Image-caption web data
━━━━━━━━

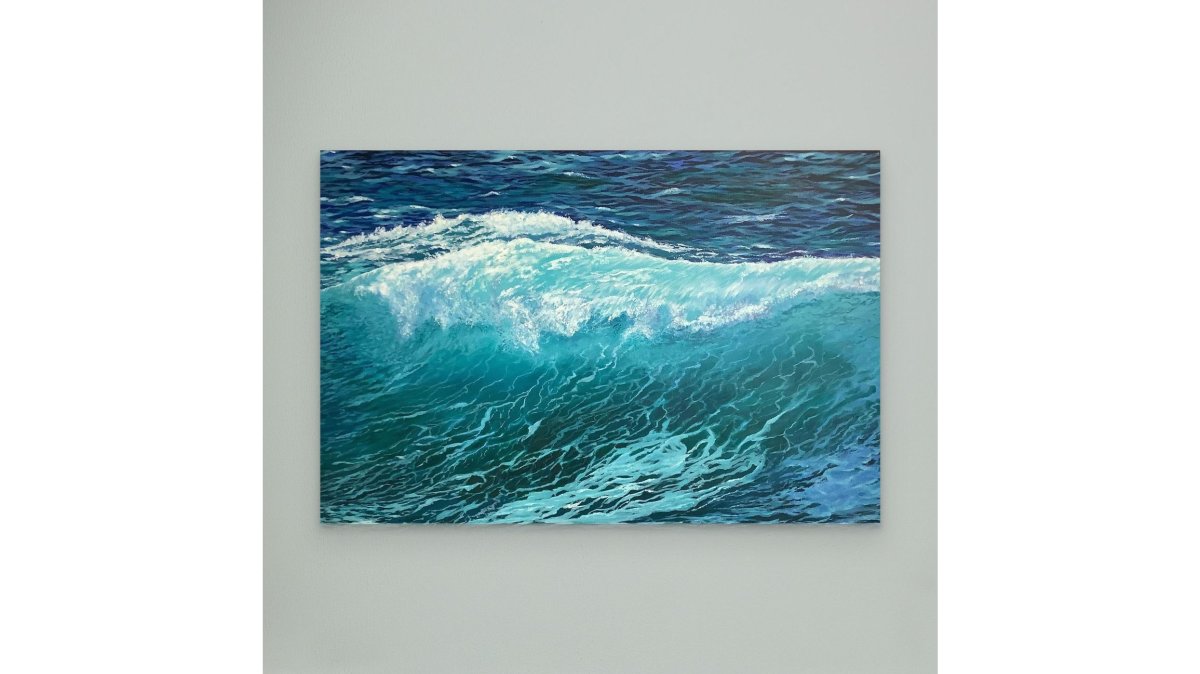 How to Choose Modern Landscape Art for Your Living Room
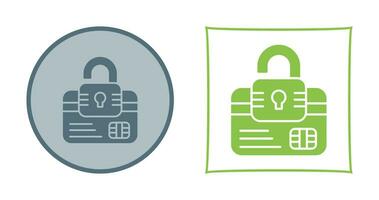 creditcard vector pictogram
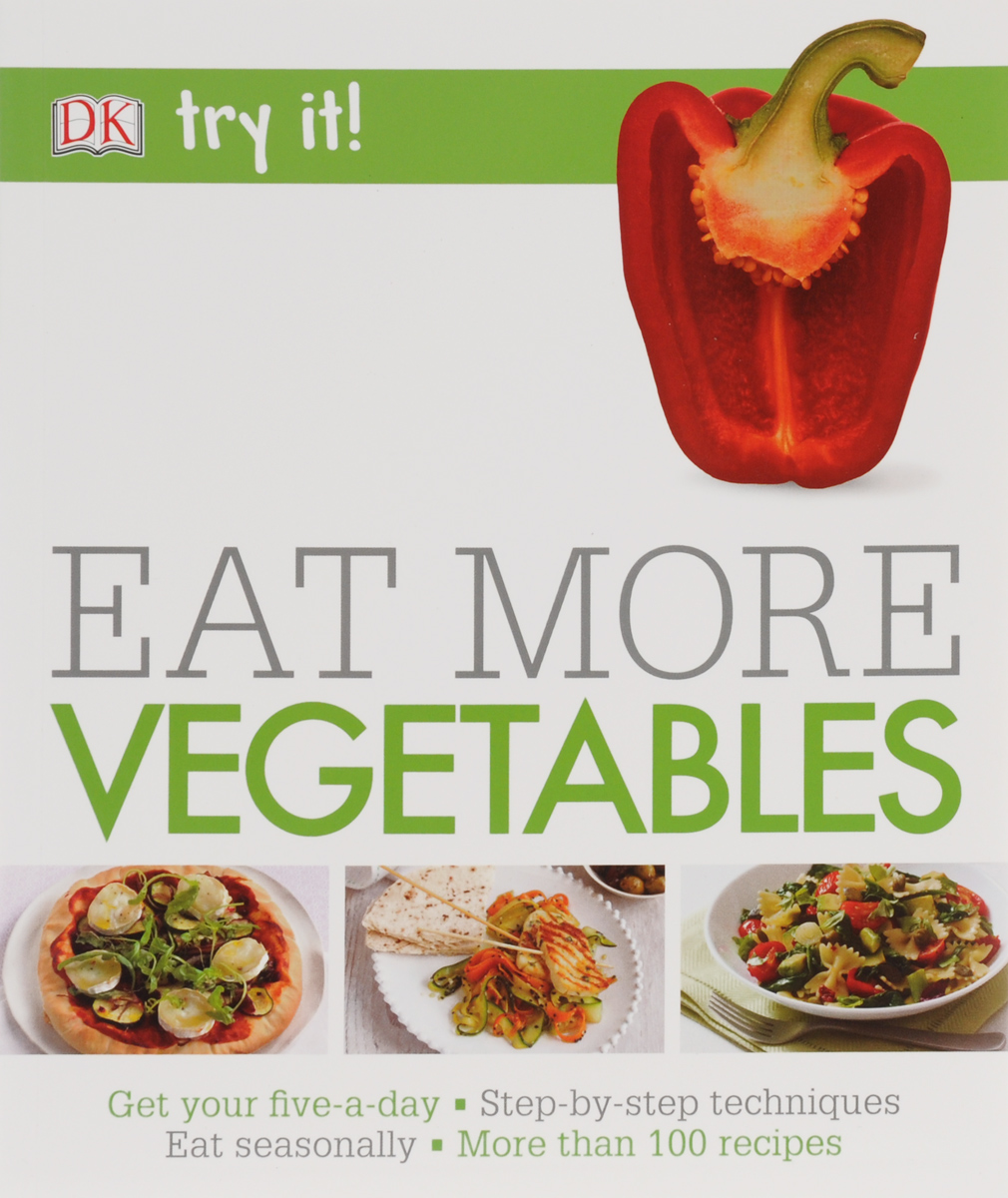 Try It! Eat More Vegetables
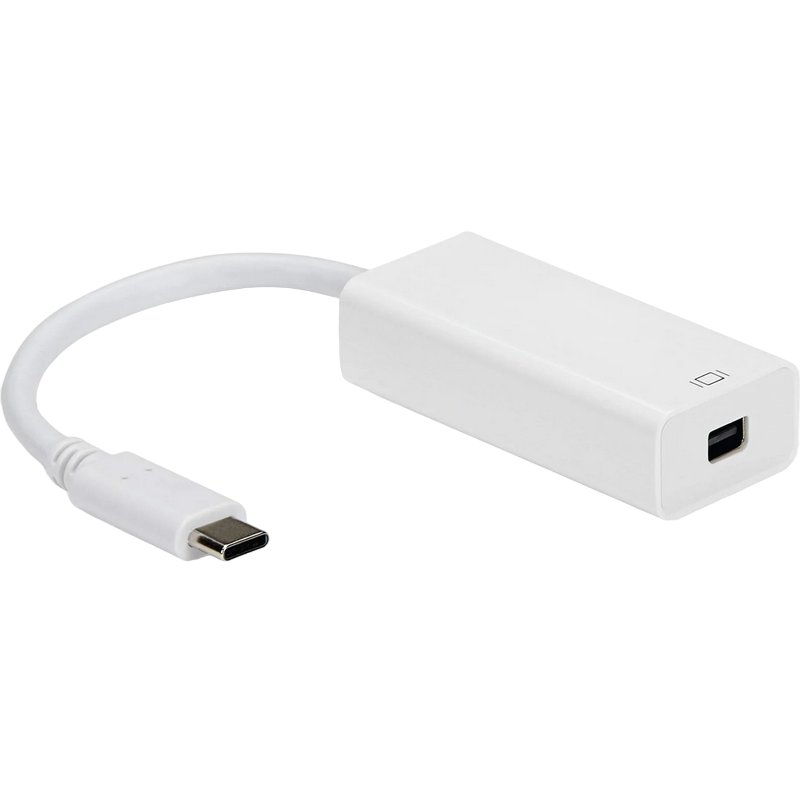 Adapter USB TYPE C to Mini DP Female, APC-631007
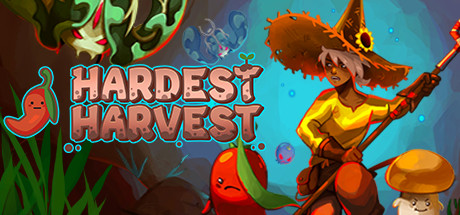 Hardest Harvest cover art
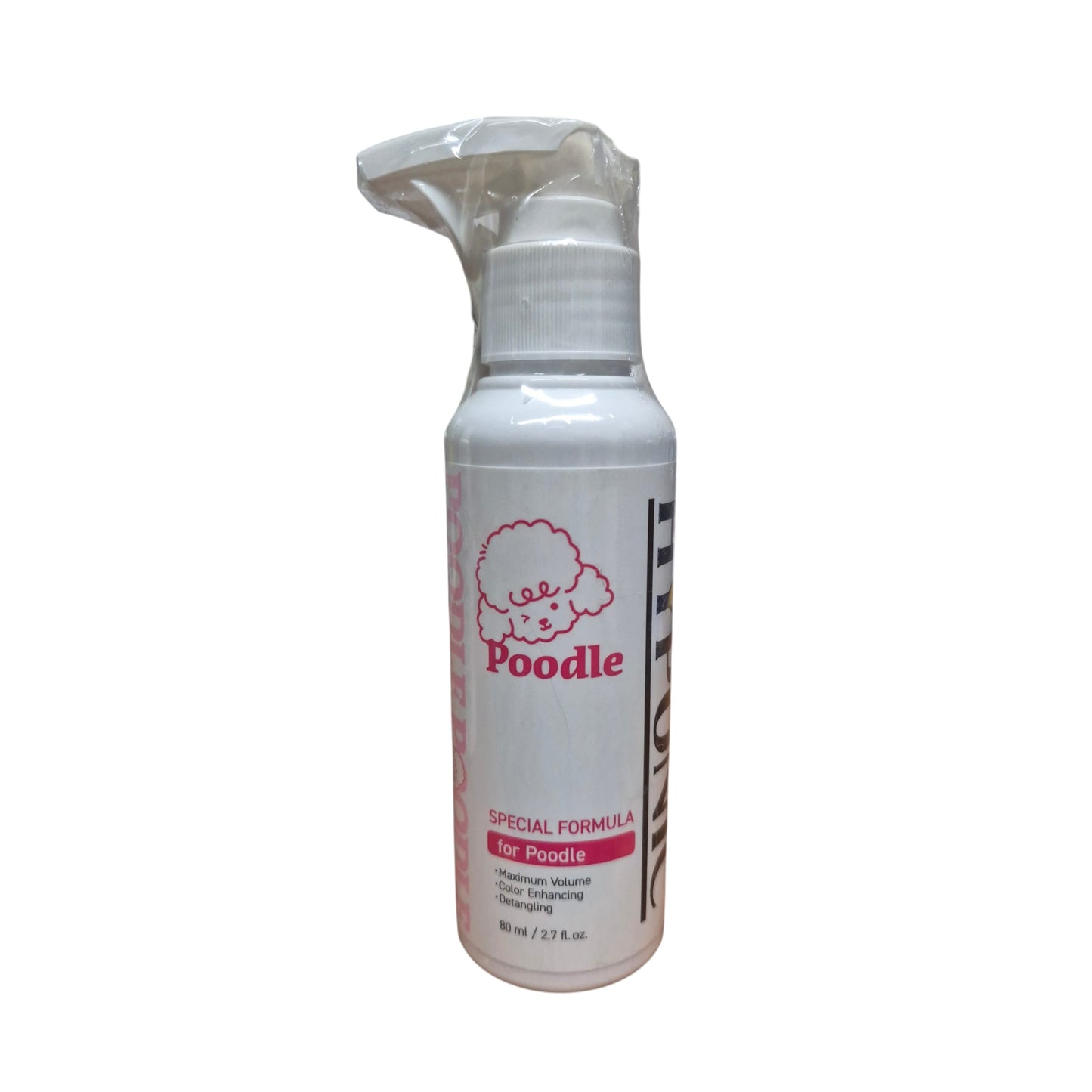 Hyponic Poodle Shampoo 80 ml – Broken Pump – 20% Off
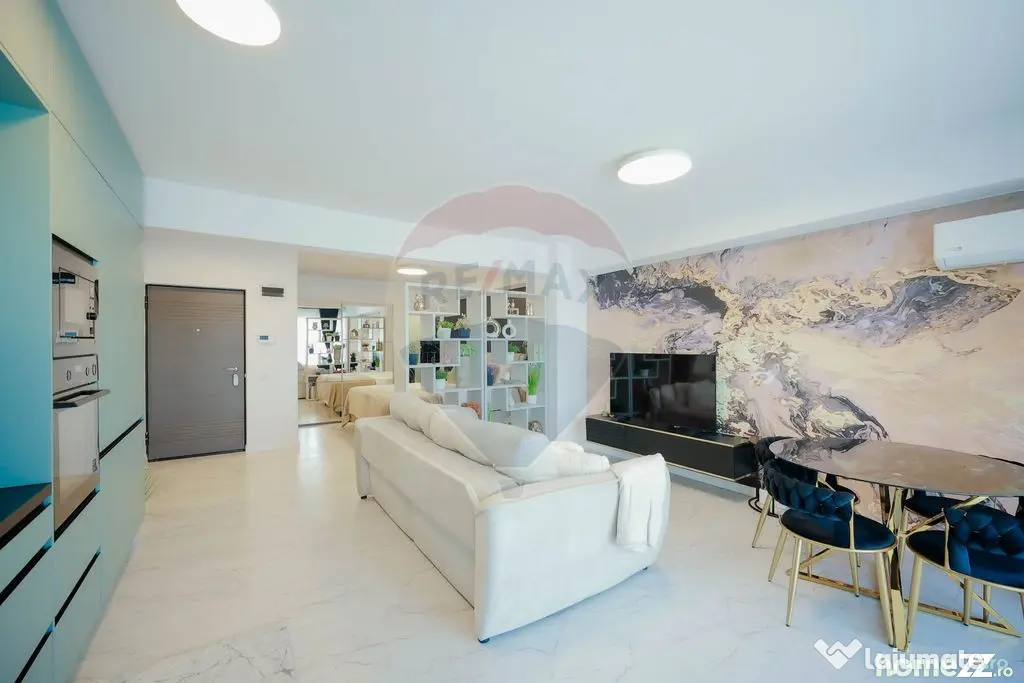 Studio modern de vânzare, mobilat complet, Ioșia Reside...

━━━━━━━━

> **Goal of the exercise**: Your reply should be the lines of the records from the start through the line with "Hyponic Poodle Shampoo", copied word for word, pictures omitted.

> **Written response**:
 How to Choose Modern Landscape Art for Your Living Room
 creditcard vector pictogram
 Try It! Eat More Vegetables
 Adapter USB TYPE C to Mini DP Female, APC-631007
 Hardest Harvest cover art
 Hyponic Poodle Shampoo 80 ml – Broken Pump – 20% Off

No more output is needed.